Com o título Orgia ou De Como Os Corpos Podem Substituir as Ideias, a peça segue o caminho iniciado pelo grupo em sua montagem anterior, Dizer e Não Pedir Segredo – que buscava fazer um tratado sobre a homossexualidade masculina no Brasil sob perspectiva histórico-social. A peça era apresentada dentro de apartamentos particulares na cidade de São Paulo, com o público acomodado por ali mesmo, e partia do livro Devassos no Paraíso, de João Silvério Trevisan – obra que é a bíblia sobre a história LGBT no Brasil.

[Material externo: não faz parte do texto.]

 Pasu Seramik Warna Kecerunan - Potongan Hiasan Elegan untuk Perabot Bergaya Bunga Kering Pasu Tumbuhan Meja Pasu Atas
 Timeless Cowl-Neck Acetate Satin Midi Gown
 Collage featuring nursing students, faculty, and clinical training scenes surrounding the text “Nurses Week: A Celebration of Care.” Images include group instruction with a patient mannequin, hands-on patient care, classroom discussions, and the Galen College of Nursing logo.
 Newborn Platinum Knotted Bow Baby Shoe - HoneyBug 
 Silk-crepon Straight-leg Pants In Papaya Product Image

Desta vez, na nova montagem, o grupo se baseia em outro livro: Orgia: Os Diários de Tulio Carella, Recife 1960. Trata-se do diário particular do escritor argentino Tulio Carella (1912-1979), que em 1960 desembarcou no Recife, contratado como professor de direção e cenografia da Universidade Federal de Pernambuco.

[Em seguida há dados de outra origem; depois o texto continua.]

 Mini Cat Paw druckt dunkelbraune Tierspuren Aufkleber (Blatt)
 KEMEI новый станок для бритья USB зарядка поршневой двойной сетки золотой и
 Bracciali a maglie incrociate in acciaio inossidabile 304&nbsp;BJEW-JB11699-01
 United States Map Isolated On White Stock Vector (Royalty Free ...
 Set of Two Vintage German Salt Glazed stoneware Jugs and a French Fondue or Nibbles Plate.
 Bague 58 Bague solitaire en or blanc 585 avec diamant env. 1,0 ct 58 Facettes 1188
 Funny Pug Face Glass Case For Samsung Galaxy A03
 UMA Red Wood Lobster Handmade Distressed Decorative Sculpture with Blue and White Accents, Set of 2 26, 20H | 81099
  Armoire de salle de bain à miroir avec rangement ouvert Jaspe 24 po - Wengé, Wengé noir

No livro, sob o pseudônimo de Lúcio Ginarte, Tulio descreve em detalhes seu mergulho no “submundo” gay da Recife da época. Os encontros e desencontros furtivos nos mictórios, parques, praças e ruas da cidade, e dentro de seu quarto de hotel, nos quais o escritor se entrega às aventuras sexuais com os rústicos homens da capital pernambucana – figuras pitorescas e controvertidas, cujas sexualidades permanecem um enigma para o escritor, que faz sexo com eles sem conseguir desvendar o íntimo de cada um. Personagens como King Kong, um dos amantes de Tulio, compõem esse elenco de “cafuçus” (numa época em que esse termo nem existia!).
Tulio acabou expulso do Brasil pelo governo, que desconfiava de suas atividades e achava que ele era comunista. Ao descobrirem que seus escritos tratavam de sexo gay e não de política subversiva, deu na mesma: comunista ou “pederasta”, não importava – Tulio foi sequestrado pelo governo, mantido em cativeiro e depois deportado. O escritor morreu em 1979, em Buenos Aires, em decorrência de problemas coronários, aos 66 anos.

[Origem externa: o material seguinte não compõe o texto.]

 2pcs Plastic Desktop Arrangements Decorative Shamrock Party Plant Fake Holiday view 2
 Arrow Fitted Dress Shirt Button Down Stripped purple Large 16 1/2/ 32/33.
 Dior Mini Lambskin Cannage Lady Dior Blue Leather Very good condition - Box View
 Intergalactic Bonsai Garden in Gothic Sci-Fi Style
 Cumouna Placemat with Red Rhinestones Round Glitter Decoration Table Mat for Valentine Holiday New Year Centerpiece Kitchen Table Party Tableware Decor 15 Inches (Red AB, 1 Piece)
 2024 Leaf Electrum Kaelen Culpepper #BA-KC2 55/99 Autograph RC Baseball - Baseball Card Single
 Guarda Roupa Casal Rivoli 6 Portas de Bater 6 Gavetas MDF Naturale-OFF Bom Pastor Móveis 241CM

Mas sua obra sobreviveu: já em 1968, em plena ditadura militar brasileira, o diário do escritor foi publicado (apenas no Brasil) em formato de livro, com o título de Orgia. Esquecido e ainda inédito na Argentina, Orgia foi reeditado no Brasil em 2011 pela editora Opera Prima – e virou cult entre o público LGBT moderno.
E assim, o Teatro Kunyn decidiu se debruçar sobre a jornada de Tulio no Recife. Para alcançar o efeito do livro, que descreve o espaço público do Recife, o grupo decidiu realizar a peça no Parque Trianon, no coração da Avenida Paulista. Nada mais adequado: o público seguirá os atores se embrenhando pelo parque, acompanhando os contatos do escritor com os homens que vão e vem. E mais: o público estará com equipamentos auditivos, ouvindo por ali o áudio do espetáculo – aproximando-se assim da narrativa do livro, em primeira pessoa.
O elenco é formado pelos integrantes da companhia, Ronaldo Serruya, Paulo Arcuri e Luiz Gustavo Jahjah, que se dividem no papel de Tulio. Para encarnar os homens anônimos com quem o escritor se relaciona (ou não), haverá a presença de 10 atores, escolhidos por meio de uma oficina. A direção é de Luiz Fernando Marques, do Grupo XIX de Teatro.
O Virgula acompanhou um ensaio da montagem no Parque e o resultado é bem estimulante. Os atores se confundem com os passantes e frequentadores comuns do Trianon, criando uma experiência sensorial e visual marcante. As ações do elenco estão sujeitas ao ambiente do Parque e às interferências de quem passa e vê a coisa rolando – gerando quase que um “happening” teatral, tendência que explodiu nos anos 60. Para conferir, a montagem estreia em 19 de junho, às 16hs, no Parque Trianon.